Viacom had the second-biggest decline in the index. The media company, which owns Paramount, Comedy Central and MTV, fell $3.63, or 9.4 percent, to $34.99. National Amusements, which controls both Viacom and CBS, said it’s no longer looking to combine the two.
Lockheed Martin fell $6.42, or 2.5 percent, to $253.11 after President-elect Trump tweeted that the cost of its F-35 fighter jet program “is out of control.” Last week, Trump criticized Boeing for the cost of the next Air Force One. That tweet briefly caused Boeing stock to drop, though it quickly turned back higher.

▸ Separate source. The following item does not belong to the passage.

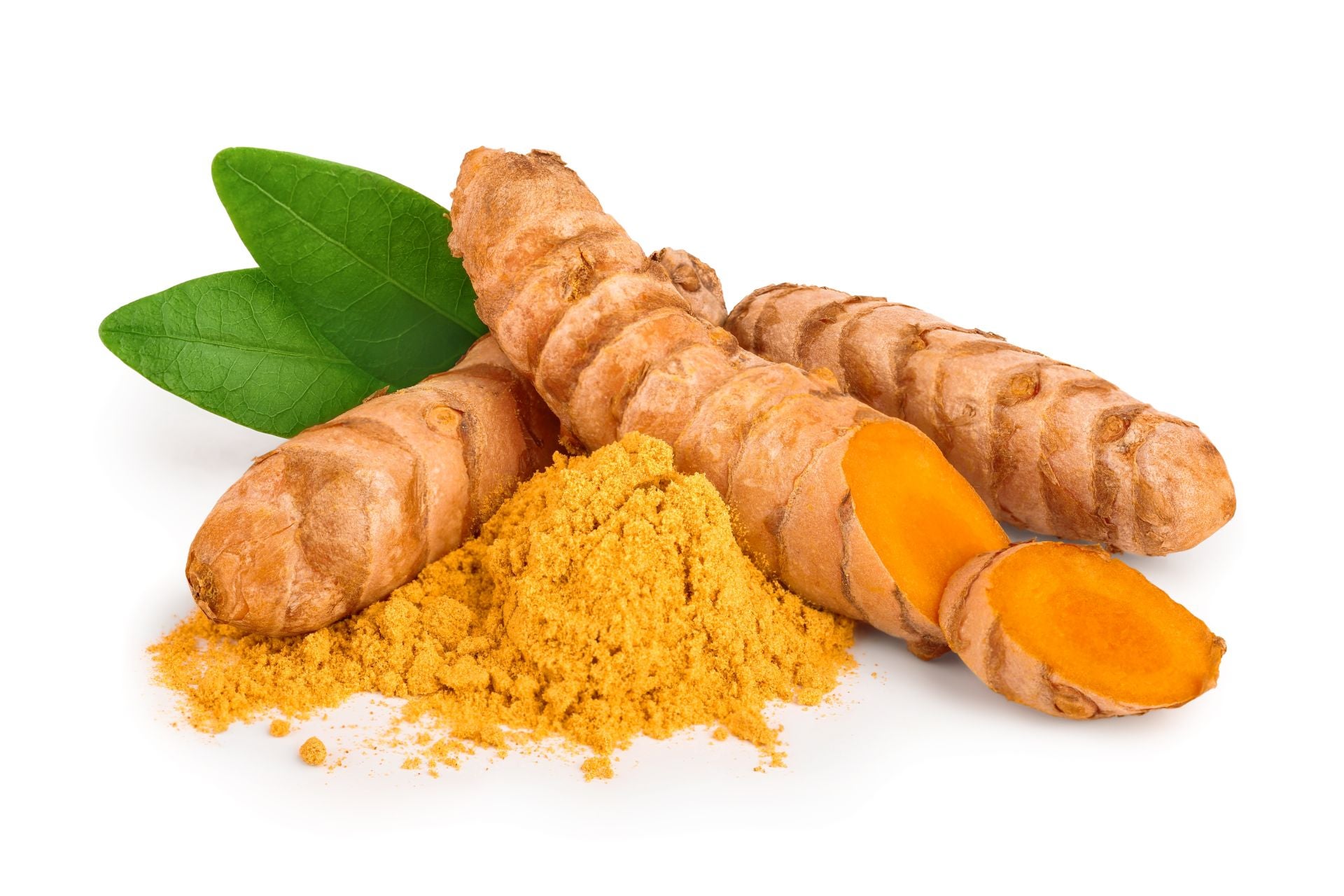 Cúrcuma, el poder del sabor amarillo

Natural gas dropped 23.9 cents, or 6.4 percent, to settle at $3.507 per 1,000 cubic feet, giving up some of its big gains from the past month. Natural gas, which often rises with expectations of colder temperatures and increased electricity usage, rose last week to its highest price in two years.

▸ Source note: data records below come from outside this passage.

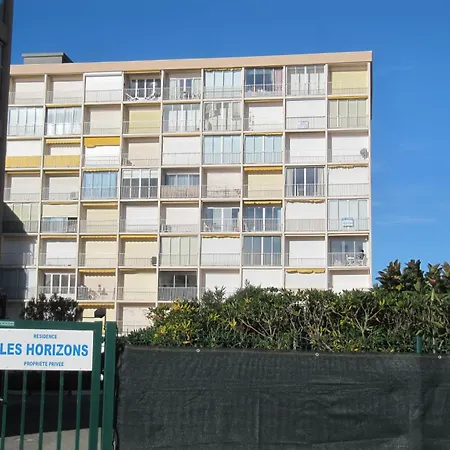 Lejlighed Les Horizons-8 By Interhome *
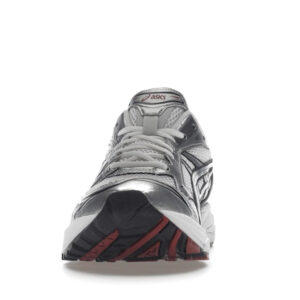 ASICS Gel-Kayano 14 White Pure Silver Men's - 1201A019-104 - US - Image 12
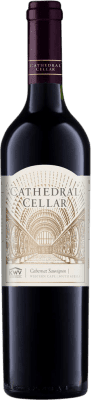 19,95 € Spedizione Gratuita | Vino Rosso KWV Cathedral W.O. Western Cape Western Cape South Coast Sud Africa Cabernet Sauvignon 75 cl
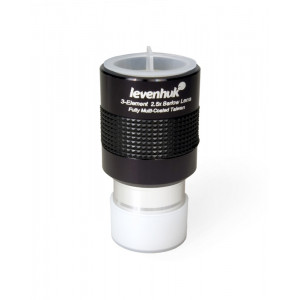 Линза Барлоу Levenhuk 2,5x, 1,25"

Wholesale gasoline rose 4 cents to $1.54 per gallon, and heating oil rose 3 cents to $1.67 a gallon.
Gold rose $3.90, or 0.3 percent, to $1,165.80 per ounce. Silver rose 22 cents to $17.19 an ounce and copper fell 3 cents to $2.62 per pound.

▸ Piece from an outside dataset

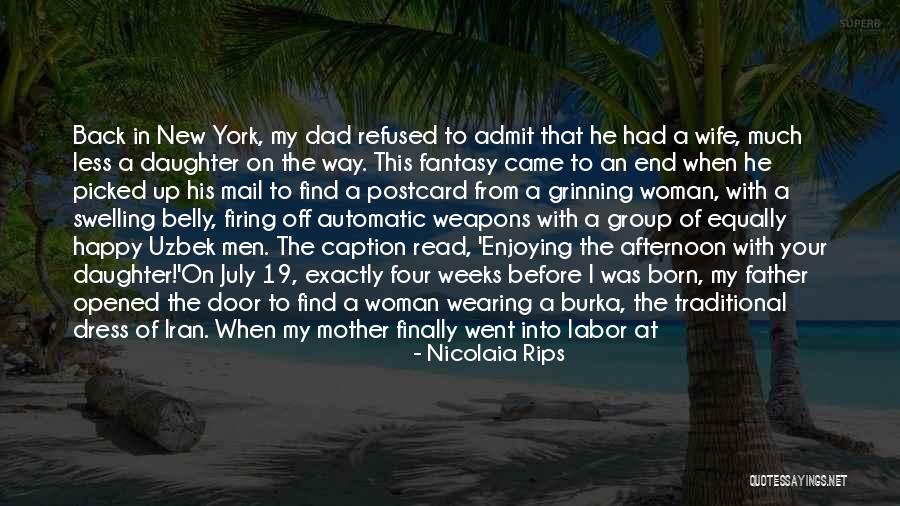 Father In Hospital Quotes By Nicolaia Rips Father In Hospital Quotes By Nicolaia Rips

The dollar fell against many of its rivals, including the British pound and Canadian dollar. The euro rose to $1.0630 from $1.0551, and the dollar fell to 115.12 yen from 115.23 yen.
In Europe, Britain’s FTSE 100 stock index fell 0.9 percent and Germany’s DAX shed 0.1 percent. France’s CAC 40 was down 0.1 percent. In Asia, Japan’s Nikkei 225 index rose 0.8 percent South Korea’s Kospi index inched up 0.1 percent and Hong Kong’s Hang Seng fell 1.4 percent.